Other names: Familial rectal pain, PEPD, PEXPD, Submandibular, ocular, and rectal pain with flushing.

Symptoms of PEPD:

• Skin redness and flushing. Sharp pains last a few seconds to minutes in several parts.

• These pains may last for longer periods. 

• The lower part of the body is mostly affected like around the rectum.

• Irregular bowel movements can cause pain in the rectum.

• Constipation, apnea, slower heartbeat and seizures are some other symptoms.

• Pain starts in the lower part at an early age and with age, the area of pain shifts towards the upper part of the body including the face and jaw.

• Pain triggers with temperature differences, spicy food and cold drinks. Cold wind alleviates sharp pain.

• This disorder mainly affects the peripheral nervous system which connects the brain and spine to peripheral nerve cells that detect sensations like touch, pain and smell.

Causes of PEPD:

• Mutations in the SCN9A gene cause this disorder. This gene makes one of the subunits of the sodium channel named NaV1.7. 

• Sodium channels send sodium ions to cells to generate and transmit electrical signals. 

• These are found in nociceptors which transmit pain signals to the brain through the spinal cord.

• Mutations in the SCN9A gene send abnormal sodium ions to the nociceptors. Increased sodium ions lead to sharp pain attacks. 

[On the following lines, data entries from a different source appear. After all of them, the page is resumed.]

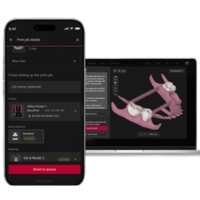 SprintRay NanoPrint - Software connesso e monitoraggio delle stampe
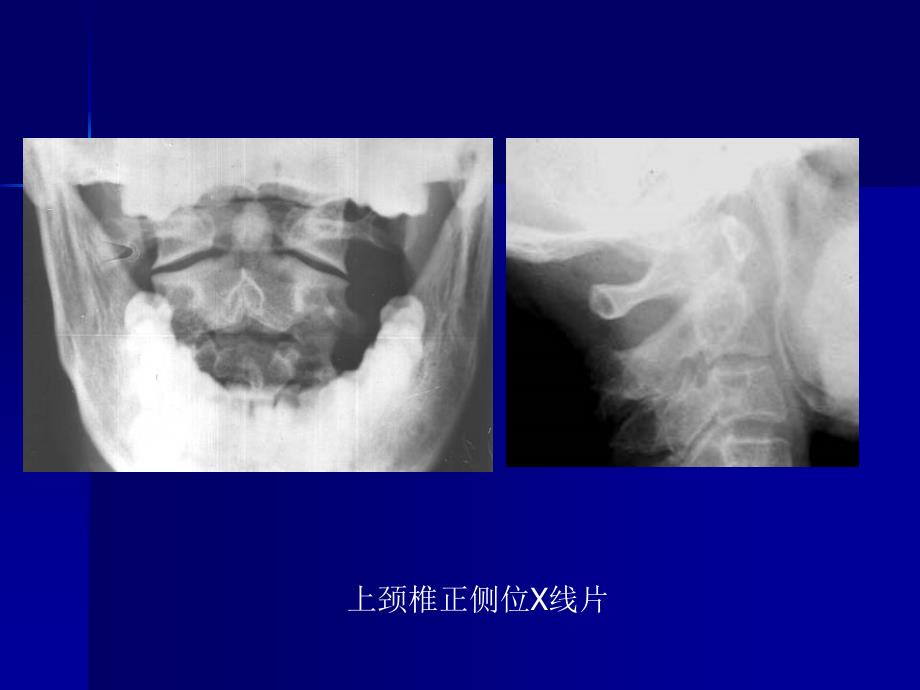 脊柱外科影像学检查_第3页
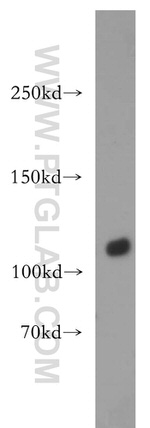 DIS3 Antibody in Western Blot (WB)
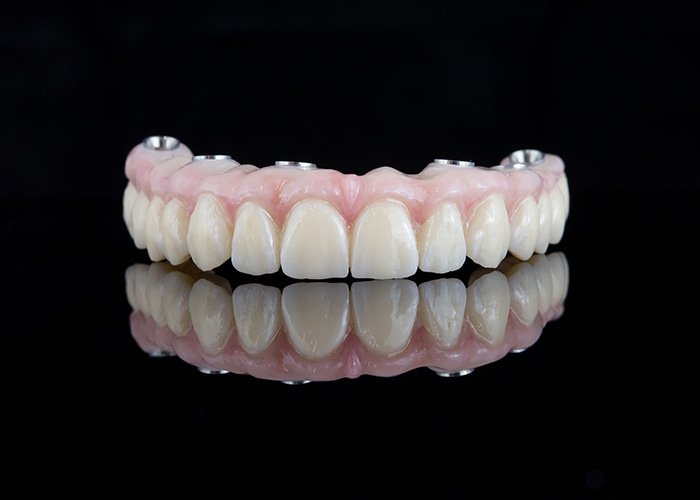 Snap-on-(overdentures)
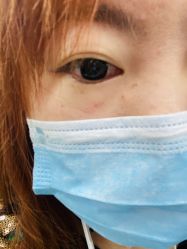 -爱莎扁平疣·汗管瘤·斑痣中心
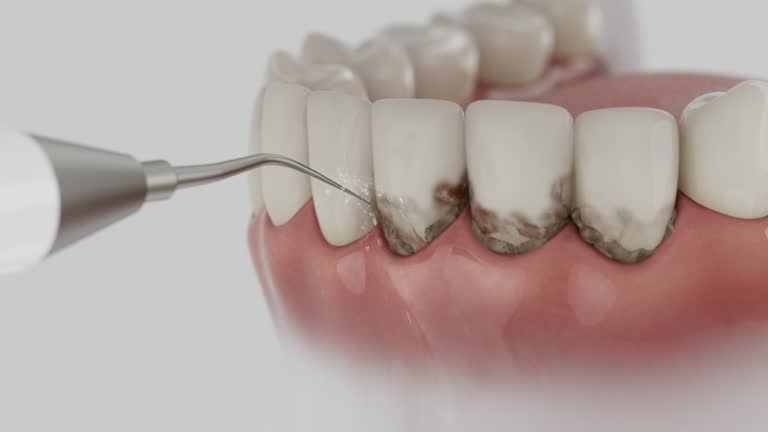 Trusted Wisdom Tooth Removal service in Battle Creek, MI - Dentist Open Now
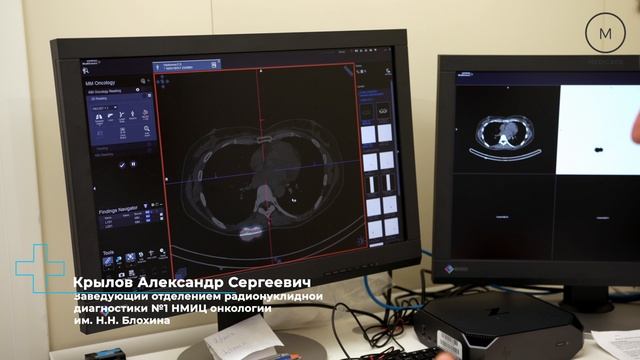 Разбор клинического случая по меланоме
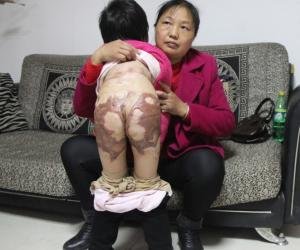 小钰晗屁股,双下肢大面积受伤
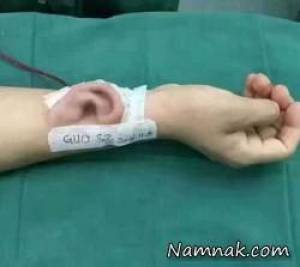 گوش مصنوعی که روی بازوی بیمار رشد کرد! + عکس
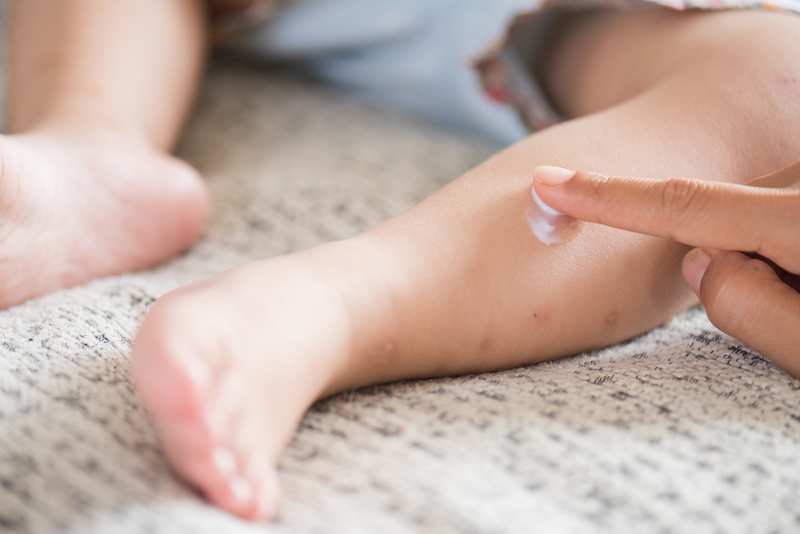 Những lưu ý khi chăm trẻ nhỏ bị thủy đậu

• Proper research is still pending to know how these pain signals change their position with age, changes in breathing, and seizures.

Frequency:

Paroxysmal extreme pain disorder is a rare disease, and only 80 people have been affected till now.

Inheritance:

Paroxysmal extreme pain disorder is inherited in the form of an autosomal dominant pattern. One copy of the altered gene from one of the parents is enough to cause this disorder. Some may get affected due to other mutations, with parents showing no symptoms of this disorder.

Conclusion:

Rare diseases affect one individual in every lakh people. These are non-treatable, as these diseases may not have proper medical research. Medicines are unknown. The treatment equipment has been uninvented. Some rare diseases may not have tests to identify them. When anyone is affected by these rare diseases, the chance of survival is less than 10 per cent. Most of these rare conditions are due to genetic disorders. Mutations in various genes cause rare diseases. So this article gives you the top 10 rare diseases that you have never heard of. There are a lot more rare diseases you can search for on Google to get details. 

Feb 29th of every year is considered World Rare Disease Day. The National Organization for Rare Disorders (NORD) is a voice for affected people. The theme of World Rare Diseases Day 2024 is ‘Share your colours’.